EU plots €40m financing scheme for Zimbabwe meat and livestock

The EU plans to offer a €40 million subsidy programme to the Zimbabwean meat and livestock sector, aimed at resuscitating a struggling industry whose processors are operating at well below capacity.

The programme will be launched in 2016 and will focus on financing specific detailed projects. 

Speaking to GlobalMeatNews, the EU ambassador to Zimbabwe Philippe Van Damme said: “Our hope is that the whole value chain will benefit. A critical component…will see us providing support to communal livestock farmers. Further to this, state-owned enterprises like the Cold Storage Company (CSC) and private sector players will also benefit.” 

However, Van Damme said the EU would conduct an extensive livestock scoping exercise before implementing the programme: “We will conduct an audit to ascertain the current role of livestock institutions and seek to establish their future role by engaging various stakeholders,” he said. “This will enable us to offer tailor-made assistance to institutions and communities, in light of their new agreed roles. This will also apply to livestock extension service providers in the country that stand to benefit from this programme.

He said officials would design “a ‘logical framework’ that will guide us in the implementation… and will have clearly outlined objectives, goals and timelines.” The EU would also engage advisory boards, academia and industry experts to monitor the programme, he said. 

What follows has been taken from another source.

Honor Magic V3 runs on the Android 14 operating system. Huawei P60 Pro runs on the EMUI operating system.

Zimbabwe Livestock and Meat Advisory Council (LMAC) economist Dr Chrispen Sukume said his organisation was involved in the EU’s preparatory work through a contract Brussels has signed with US-based non-governmental development organisation TechnoServe: “We are currently working with the EU through TechnoServe. We have looked at subsectors such as beef, stock feeds and poultry and we are now looking at pork production,” he said. Regarding poultry, Sukume said studies had highlighted a perennial shortage of day-old chicks. 

Sukume said one solution could be encouraging small-scale local production - the current price of day-old chicks in the country is US$0.75, compared to South Africa’s US$0.50. He also urged the EU to look at increasing abattoir capacity in rural areas to boost frozen chicken supplies. 

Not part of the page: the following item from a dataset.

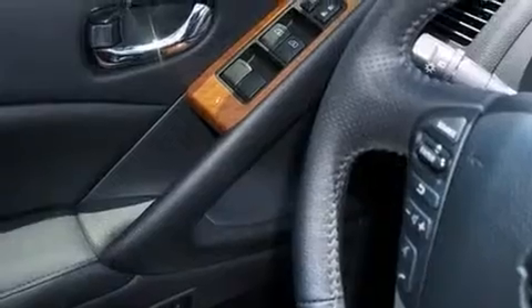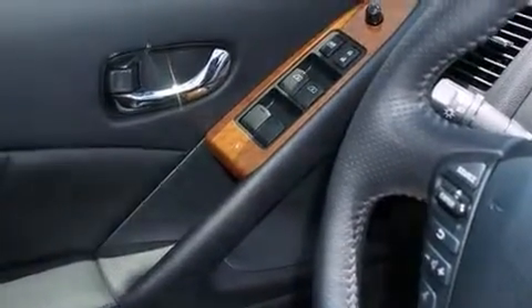Enjoy your favorite music via the stereo system, which includes a CD player with MP3 capability, and 11 speakers yielding maximum audio versatility.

Meanwhile, Sukume said the beef sector remained a major challenge, with communal farmers taking over production in the past decade from commercial farmers. He noted that there was an abundance of ranching land which is not fully stocked. 

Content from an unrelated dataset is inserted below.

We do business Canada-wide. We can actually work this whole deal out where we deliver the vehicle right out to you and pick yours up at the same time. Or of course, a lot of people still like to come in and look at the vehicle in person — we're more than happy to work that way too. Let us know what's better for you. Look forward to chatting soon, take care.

The EU should also look at ways we can conserve and build our national herd. There is high mortality in the communal herd due to drought, however the EU could facilitate for the purchase of these animals to be given to medium-scale producers, thereby benefiting both the communal and commercial farmers,” he suggested. 

The economist urged the EU to consider how rural district council levies could be lowered for the benefit of communal farmers. He urged the EU to focus on low interest rate financing rather than grants: “If someone receives a grant, they can choose to waste it away; however concessionary financing ensures that we get value from the investment injected in the livestock value chain. Financing should therefore be awarded to merited farmers that are willing shoulder the risk of a loan,” he argued. 

Former CSC MD and now MP for Bulawayo South constituency Eddie Cross called on the EU to concentrate on funding veterinary services: “There are so many needs in the livestock sector; however I would urge the project coordinators to focus on the veterinary situation in the country. This would take care of the constant scourge of diseases which include [health issues related to] hard water, anthrax and foot-and-mouth

There is no hope for the livestock sector in the country if we do not rectify this, “We have the human resources, what we lack are the physical resources such as dip tanks; 40m could do a great deal in this regard.